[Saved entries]
☆ ☆ ☆ ☆ ☆
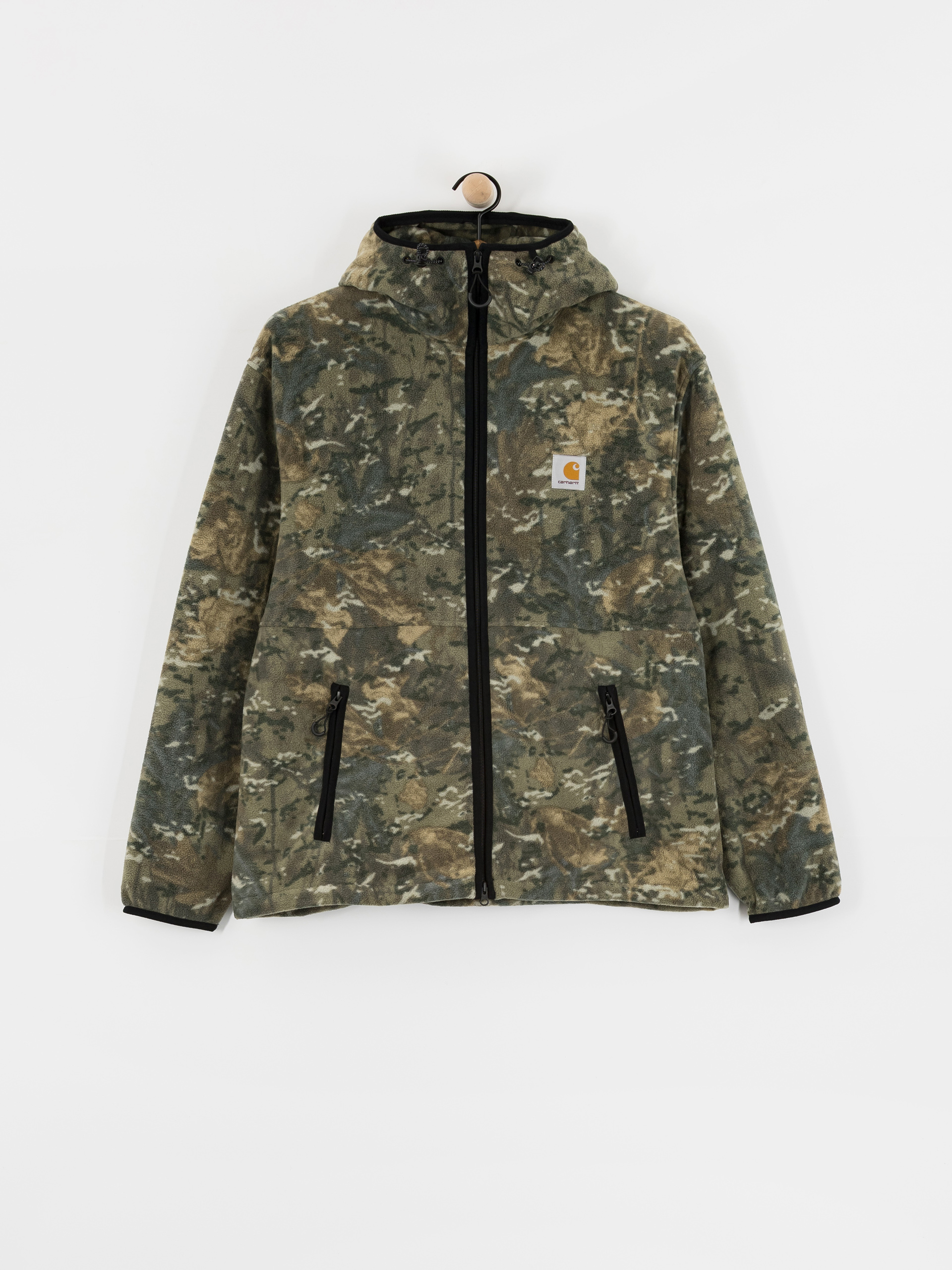 Fleecová mikina Carhartt WIP Blevin (camo combi/green)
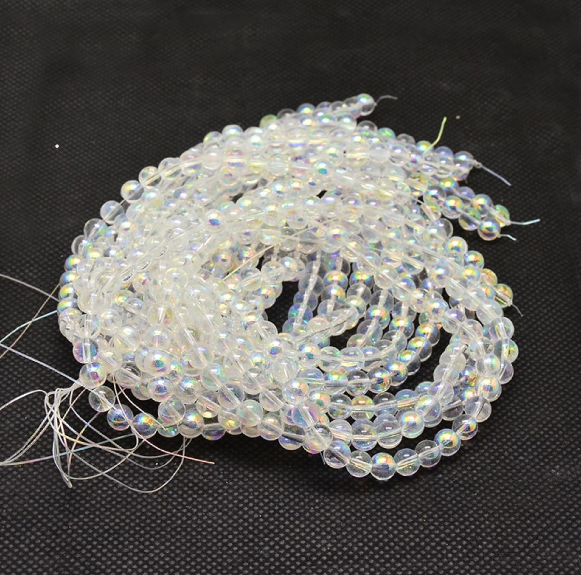 Glass beads faceted strands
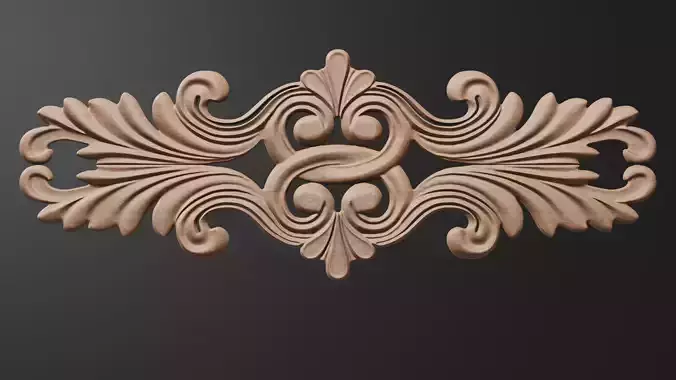 Flower decor for wood carving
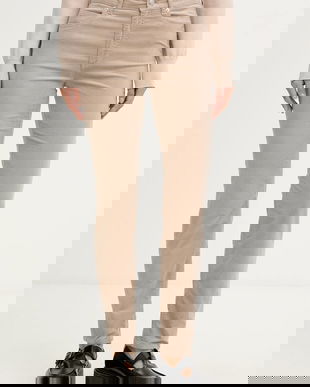 Marc O'Polo pantaloni culoarea bej, mulată, high waist, 511096811111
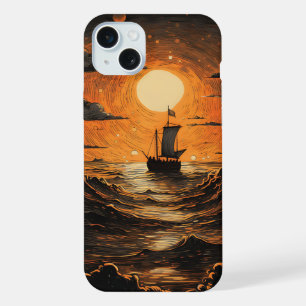 Schiff, das in der Nacht segelt iPhone 15 Plus Hülle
☆ ☆ ☆ ☆ ☆
Exact copy, pictures excluded: restate every record above word for word.

 Fleecová mikina Carhartt WIP Blevin (camo combi/green)
 Glass beads faceted strands
 Flower decor for wood carving
 Marc O'Polo pantaloni culoarea bej, mulată, high waist, 511096811111
 Schiff, das in der Nacht segelt iPhone 15 Plus Hülle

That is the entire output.